Furthermore, social distancing was also triggered when P. innesi were exposed to the fish replica with an intact appearance, but performing swimming anomalies, an additional symptom caused by P. hyphessobryconis. This confirms the highly effectiveness of visual cues in transmitting information on the risk of infection (Behringer et al. 2018), although in underwater environments visual cues perception is sometime hampered by the colour, depth, and turbidity of the water (Johannesen et al. 2012; Ranåker et al. 2012). Therefore, in nature the limited possibility to perceive visual cues is often compensated by chemosensory systems due to their greater range of perception (Brown et al. 2004; Derby and Sorensen 2008). However, how different visual cues act in conjunction on triggering social distancing in animals, is poorly understood. Herein, we carried out a further test to study the multimodal influence of two different visual cues (morphology and locomotion anomalies), both associated with a disease status, and cutting out the effect of olfactive cues. When both morphology and locomotion anomalies were presented in conjunction by the fish replica, the impact on social distancing was significantly stronger than when presented individually. This indicates how fish may have evolved particular neural pathways used to identify different visual cues, and to associate their simultaneous presence with a greater severity of the infection. Similarly, in Poecilia reticulata Peters, individuals have been reported to avoid cues from conspecifics (e.g. both visual and chemical) in the later stages of infection (when the transmission speed and the number of parasites transmitting are higher), and this behaviour is used to precisely track the transmission risk (Stephenson et al. 2018).

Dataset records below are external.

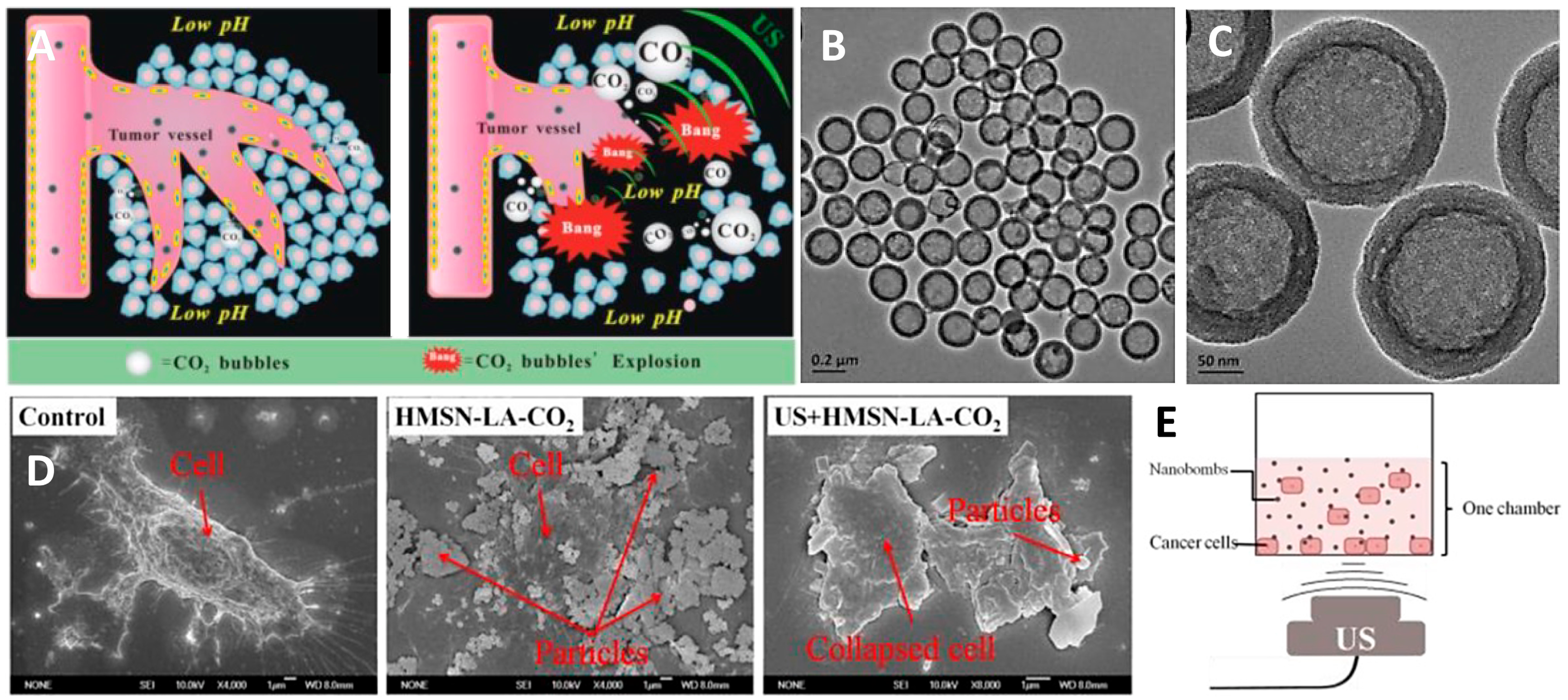 Pharmaceutics 14 01282 g005 Pharmaceutics 14 01282 g005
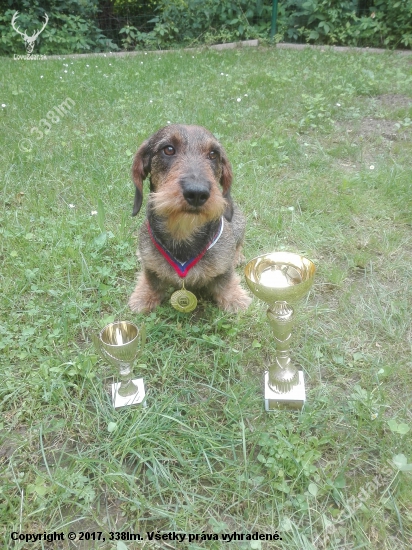 MVP Veľka Ida 2017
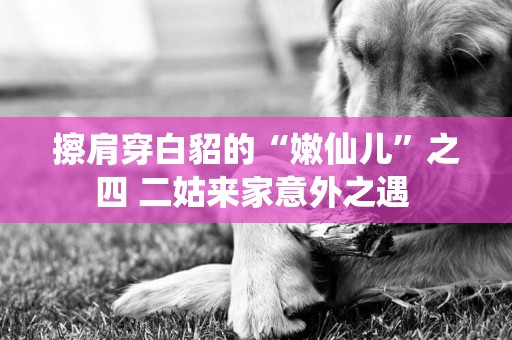 擦肩穿白貂的“嫩仙兒”之四 二姑來家意外之遇 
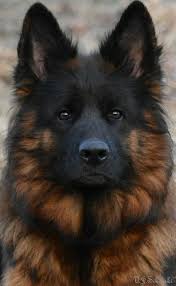 Black And Tan Faded German Shepherd Puppies Beatiful German Shepherd Dogs Dogs Shepherd Puppies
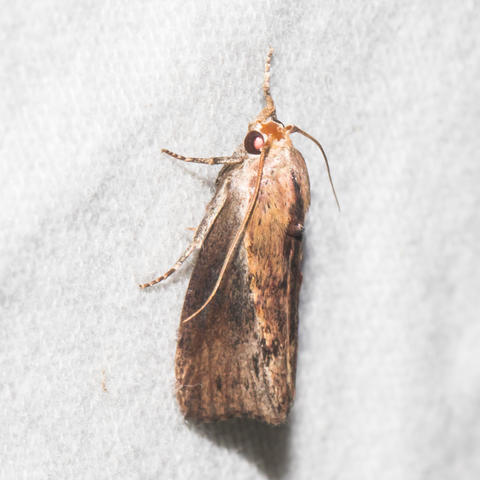 Greater Wax Moth Galleria mellonella (Linnaeus, 1758) | Butterflies and ...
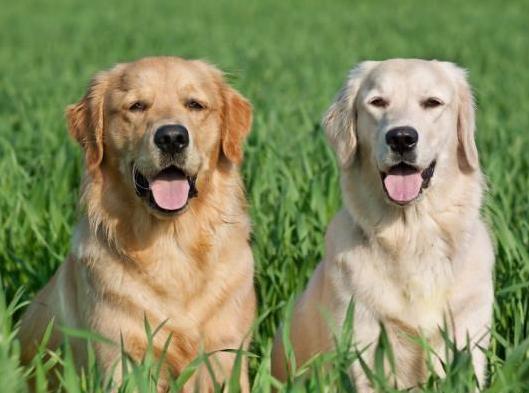 小金毛犬多少钱一只纯种,纯种金毛犬幼犬一般多少钱一只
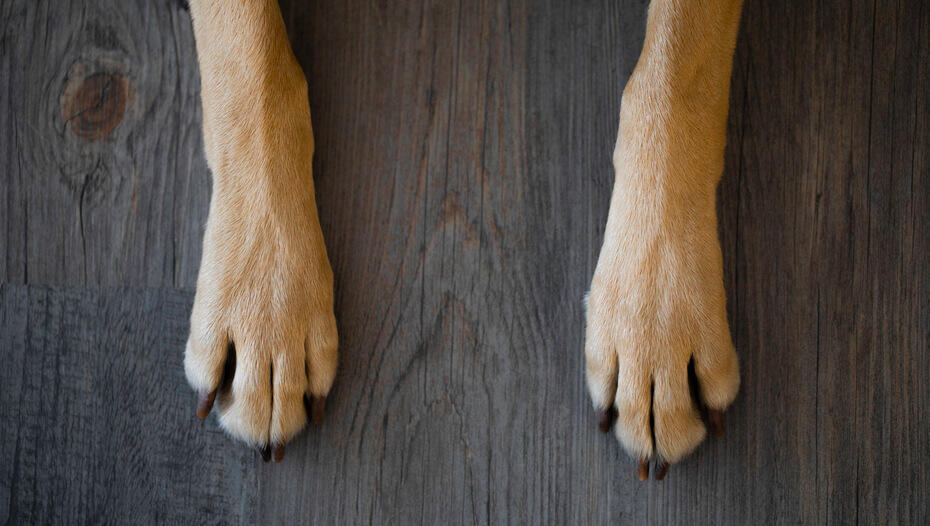 close up of dog paws on wood close up of dog paws on wood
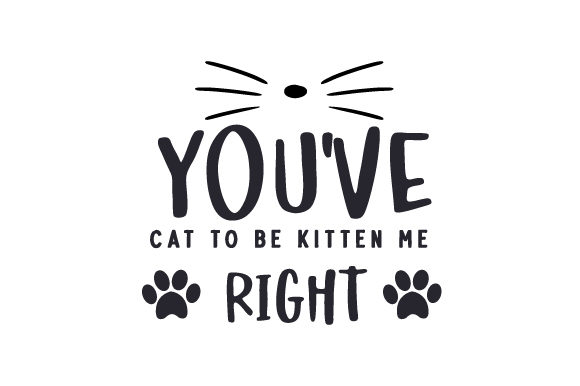 You've Cat to Be Kitten Me Right Embroidery Review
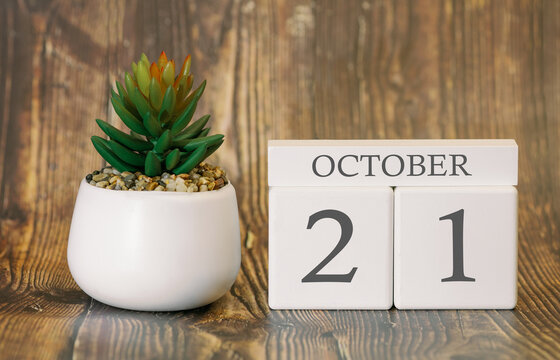 Flower pot and calendar for the cool season from 21 October. Autumn time.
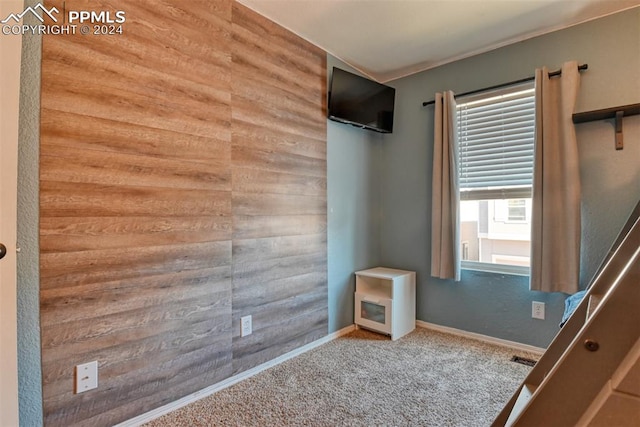 unfurnished room featuring wooden walls and carpet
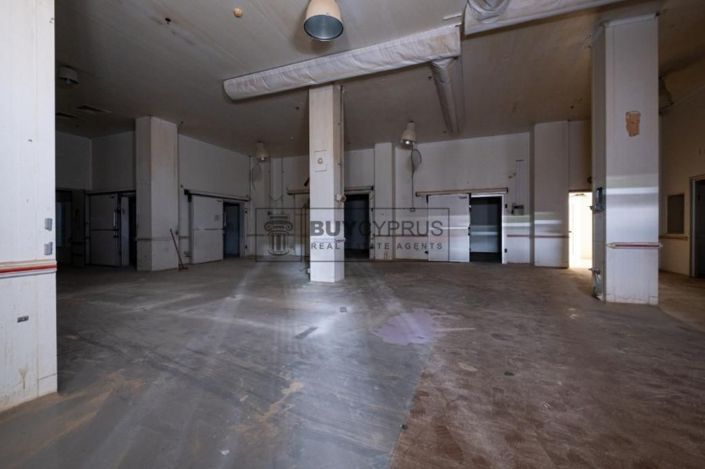 Image No.8-Propriété à vendre à Tremithousa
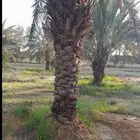 نخل بحجام كبيره من مترين الا خمسه متر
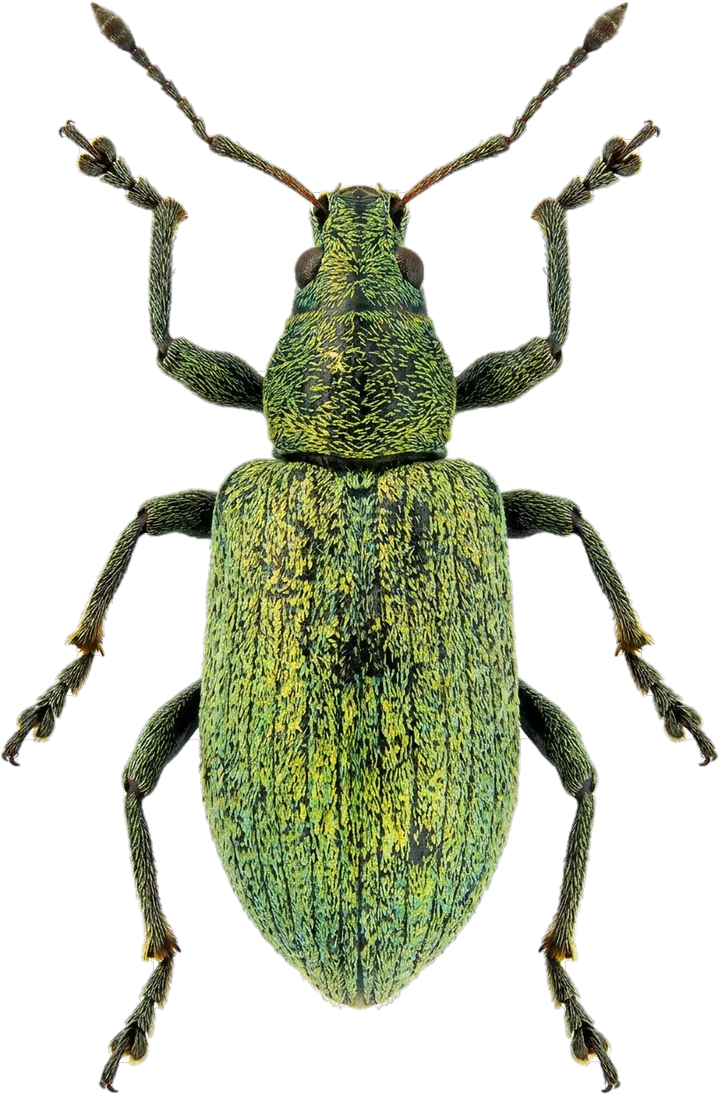 Weevils, cut-out
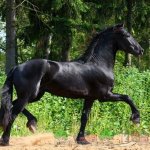 Красивая черная лошадка возле леса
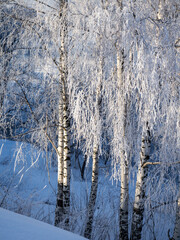 Sunny winter frosty natural landscape with birch trees. Birch branches are covered with frost.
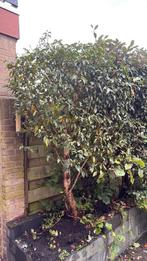 Camellia japonica, Halfschaduw, Lente, 100 tot 250 cm, Ophalen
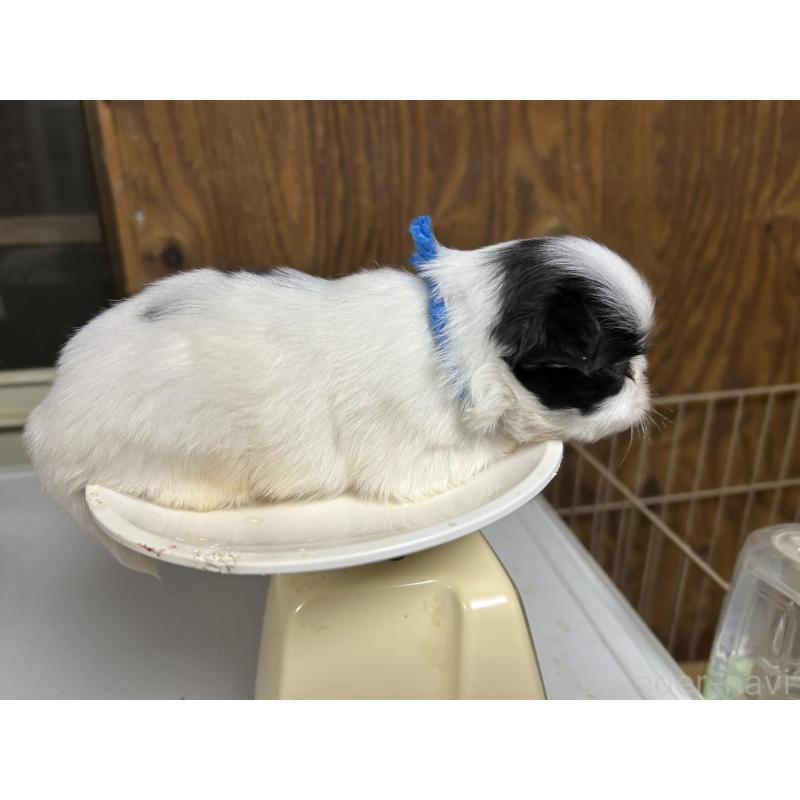 販売中の静岡県の狆 (チン)-424016の3枚目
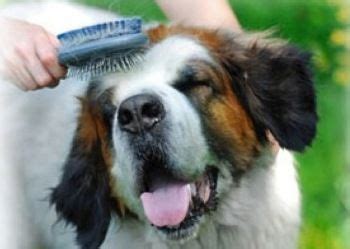 Cuidados Básicos para el Pelo de nuestro Perro Adiestrar Perros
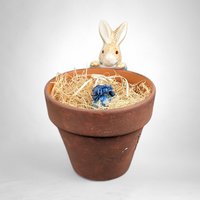 Vintage Teleflora Beatrix Potter Peter Rabbit Planter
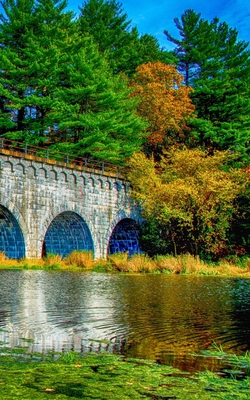 Download Notebook: Fall Bridge Water Autumn Blue Sky Nature - Wild Pages Press file in ePub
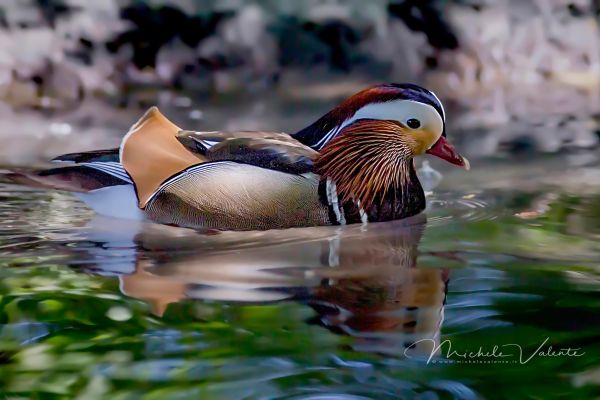 bird3D6E5A15D-FFF0-29E4-27E5-57577CD69B9C.jpg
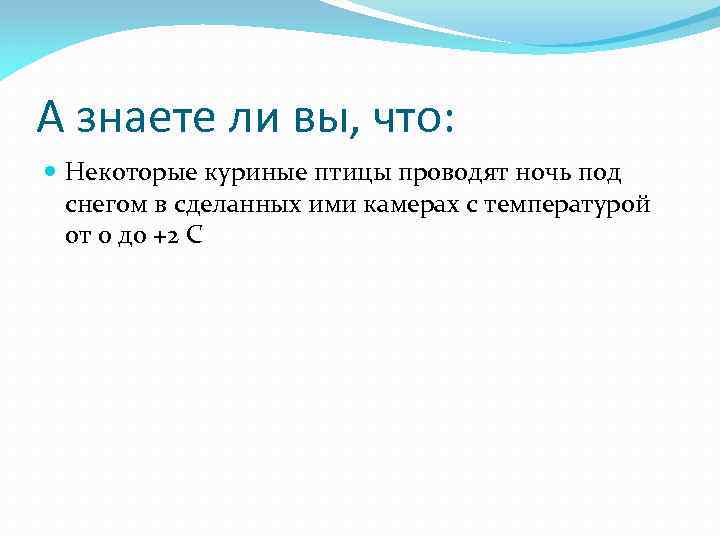 А знаете ли вы, что: Некоторые куриные птицы проводят ночь под снегом в сделанных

The findings obtained through this biohybrid approach prompt more attention on the role of behavioural-based strategies to avoid pathogen/parasite diffusion. Indeed, while the immune system seems to be closely related to different aspects of the host ecology (Ricklefs 1992; Kundu and Faulkes 2004; Lee et al. 2008), the high flexibility of animal behaviour may play a fundamental role to contrast the emergence of a novel pathogen (Zylberberg et al. 2013).

Further research will focus on the blended effect of visual robotic cues with synthesized disease-borne olfactory cues.

Results from this study can be used to optimize computational approaches modelling disease dynamics to more accurately assess the spread of endemic and emerging pathogens and/or parasites in humans and wildlife contexts (Dwyer et al. 2005; Heesterbeek et al. 2015; Bekiros and Kouloumpou 2020).